OPINIHEADLINES

Janji Kemerdekaan Tinggal Fiksi, Mengapa Bendera ‘One Piece’ Menjadi Opsi?

×

Janji Kemerdekaan Tinggal Fiksi, Mengapa Bendera ‘One Piece’ Menjadi Opsi?

Sebarkan artikel ini

Oleh: Rayyan Kinasih

Bendera One Piece
Bendera 'One Piece'

OPINI,mediasulutgo.com — Momen kemerdekaan yang diperingati setiap tanggal 17 Agustus menjadi momentum perjuangan rakyat untuk meraih kebebasan, keadilan, dan kedaulatan dari tangan penjajah. Sebuah janji suci yang akhirnya bisa diproklamasikan oleh para pahlawan setelah mempertaruhkan harta, keluarga, bahkan nyawa demi melawan penjajah. Namun peringatan kemerdekaan kali ini sepertinya berbeda dari biasanya. Menjelang HUT RI yang ke-80 tahun bukannya mengibarkan bendara kebangsaan merah putih, masyarakat justru mengibarkan bendera One Piece atau disebut juga bendera Rolly Roger (berlatar hitam dan tengkorak, serta dua tulang menyilang di belakangnya) yang melambangkan perlawanan, persahabatan, perjuangan, kemerdekaan, dan solidaritas. Aksi ini dilakukan sebagai bentuk ekspresi kekecewaan masyarakat terhadap kinerja pemerintah akhir-akhir ini. Rezim baru yang diharapkan bisa memberikan angin segar berupa kesejahteraan kepada rakyat malah menjelma menjadi ‘pemerintah dunia’ yang korup dan semena-mena seperti yang  ada di dunia One Piece. One Piece sendiri merupakan anime asal Jepang yang menceritakan petualangan Monkey D. Luffy bersama para Nakama (teman) yang berjuang melawan ketidakadilan. Walaupun One Piece dikemas secara sederhana melalui kisah seru tentang bajak laut, namun pelajaran di dalamnya mengandung kritik keras dan tajam terhadap rezim manapun yang zalim hari ini. One Piece menunjukan kepada kita bagaimana sebenarnya dunia ini bekerja—bagaimana pemerintah yang terlihat mengaggumkan dan berkata manis dipanggung kekuasaan perlahan menjadi pemerintah yang korup dan otoriter. Hal inilah yang menarik perhatian dan menjadi simbol ekspresi anak muda karena dianggap related dengan kondisi negeri akhir-akhir ini.

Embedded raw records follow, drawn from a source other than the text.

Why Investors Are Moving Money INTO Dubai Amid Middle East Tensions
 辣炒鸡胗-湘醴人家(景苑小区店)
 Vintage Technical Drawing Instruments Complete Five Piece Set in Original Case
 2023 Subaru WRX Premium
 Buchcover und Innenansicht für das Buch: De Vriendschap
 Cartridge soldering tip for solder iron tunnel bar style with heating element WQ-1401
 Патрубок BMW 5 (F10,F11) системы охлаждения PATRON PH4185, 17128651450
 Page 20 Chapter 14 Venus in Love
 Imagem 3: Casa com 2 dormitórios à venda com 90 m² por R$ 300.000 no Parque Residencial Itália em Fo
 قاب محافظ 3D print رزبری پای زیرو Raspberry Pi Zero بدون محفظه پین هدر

Misalnya, pada proses pengadilan Tom Lembong, kita dapat melihat bagaimana rusaknya sistem hukum hari ini. Belum lagi, ramai kabar mengenai tanah yang menganggur selama 2 tahun akan disita negara. Berita ini langsung memicu polemik panas warganet di media sosial seiring beredar juga berita upaya pemerintah melalui Pusat Pelaporan dan Analisis Transaksi Keuangan (PPATK) untuk membekukan rekening bank milik masyarakat yang telah menganggur 3 bulan. Kabar sita-menyita ini menjadi bahan roastingan di salah satu acara televisi, jika segala yang menganggur disita, lalu mengapa warga yang menganggur tidak diapa-apakan? Saat kampanye kemarin, presiden terpilih dalam amat berapi-api memperdengarkan janjinya untuk membuka 19 jutaan lapangan pekerjaan. Namun yang terlihat oleh mata justru PHK dimana-mana hingga menyentuh 42 ribu pekerja. Sayangnya, fakta-fakta yang terlihat di depan mata ini tidak kunjung membuat pemerintah mengintropeksi dan mengevaluasi kinerjanya sendiri. Sebaliknya, pemerintah malah mempermasalahkan pengibaran bendera One Piece yang dianggap sebagai upaya memecah belah bangsa.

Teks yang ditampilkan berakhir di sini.